Stored data:
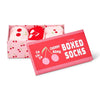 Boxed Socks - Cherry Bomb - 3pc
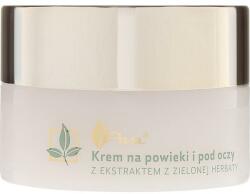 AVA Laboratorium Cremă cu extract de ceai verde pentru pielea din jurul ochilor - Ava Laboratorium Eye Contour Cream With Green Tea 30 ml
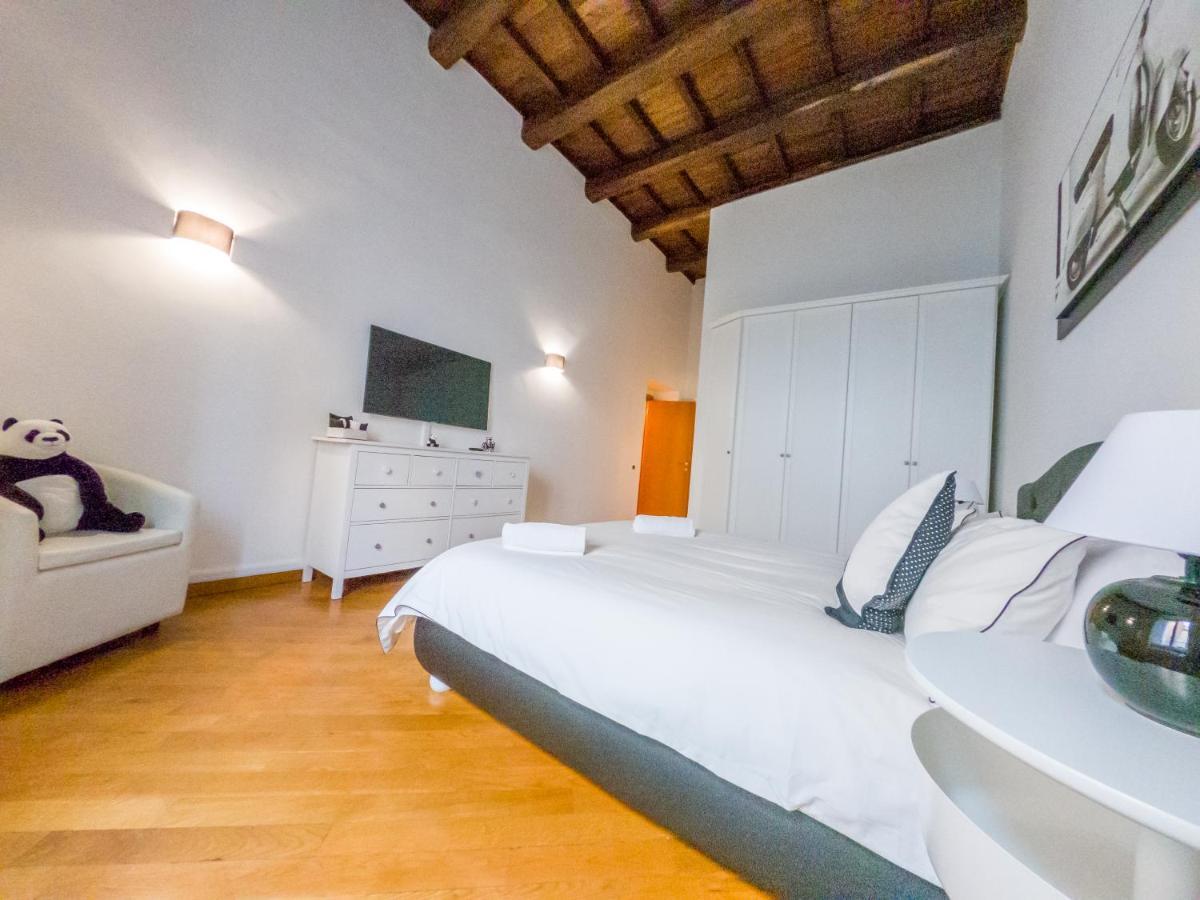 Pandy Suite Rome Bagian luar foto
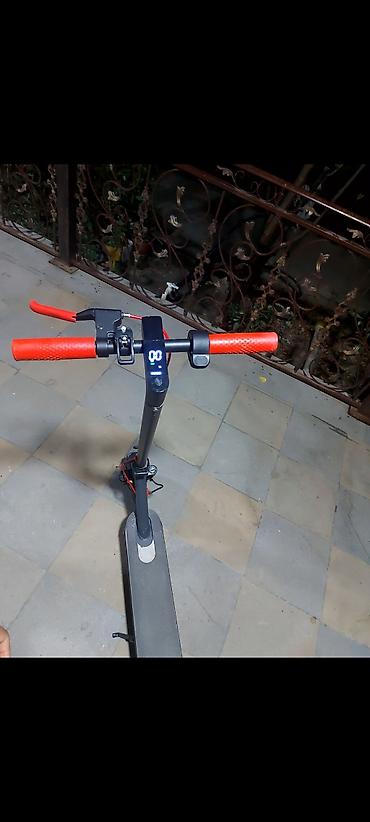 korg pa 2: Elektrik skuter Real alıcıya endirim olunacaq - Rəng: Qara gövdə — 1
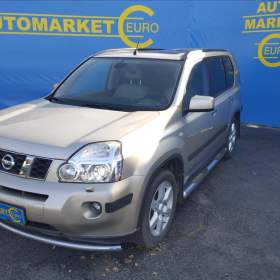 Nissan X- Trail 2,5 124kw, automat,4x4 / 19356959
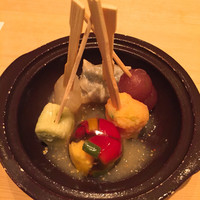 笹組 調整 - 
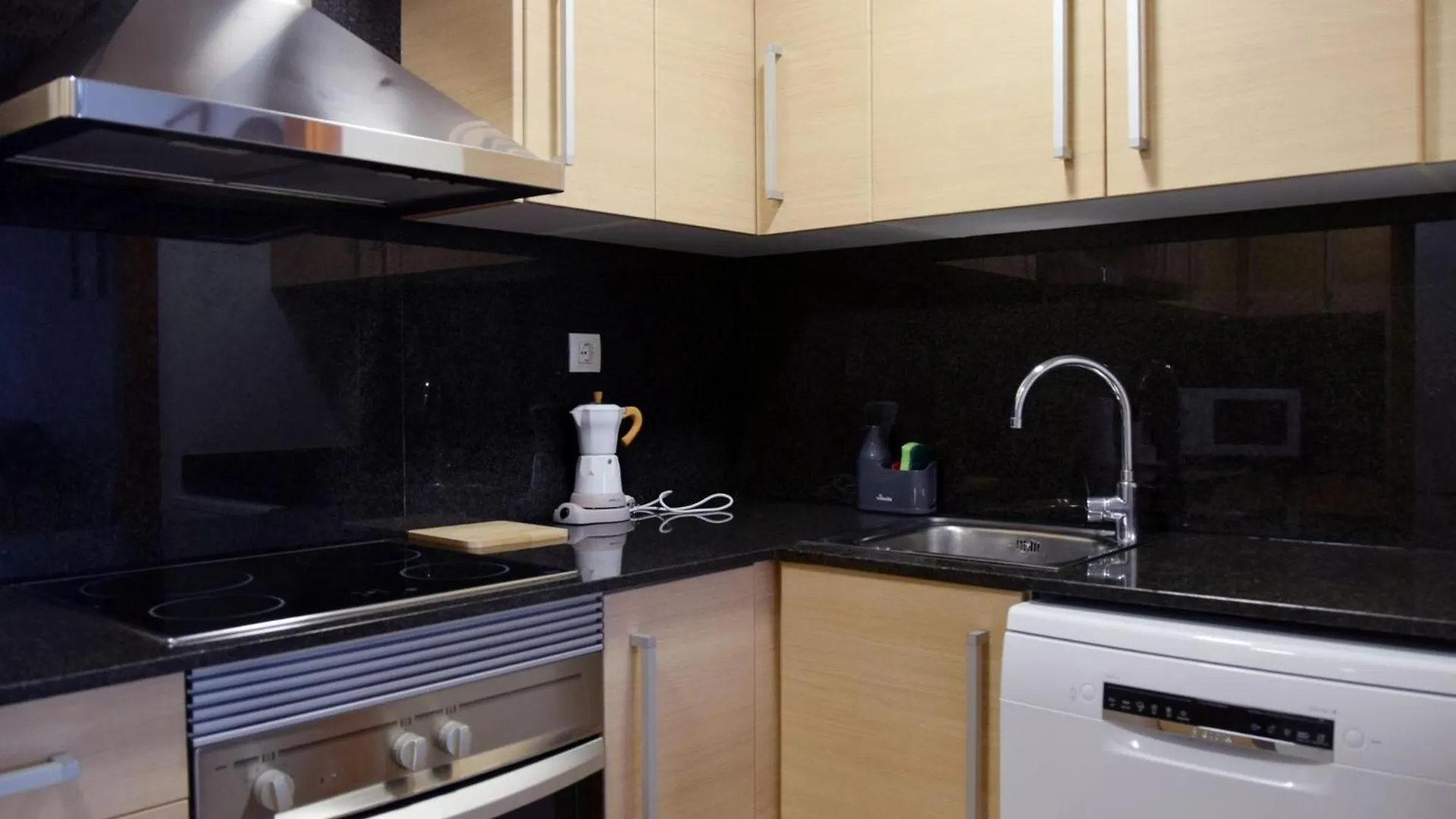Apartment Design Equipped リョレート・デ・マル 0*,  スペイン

Prompt:
Copy the lines starting at the line that contains "Nissan X- Trail" and running to the final line of the entries, inclusive; omit all pictures.

Result of the exercise:
 Nissan X- Trail 2,5 124kw, automat,4x4 / 19356959
 笹組 調整 - 
Apartment Design Equipped リョレート・デ・マル 0*,  スペイン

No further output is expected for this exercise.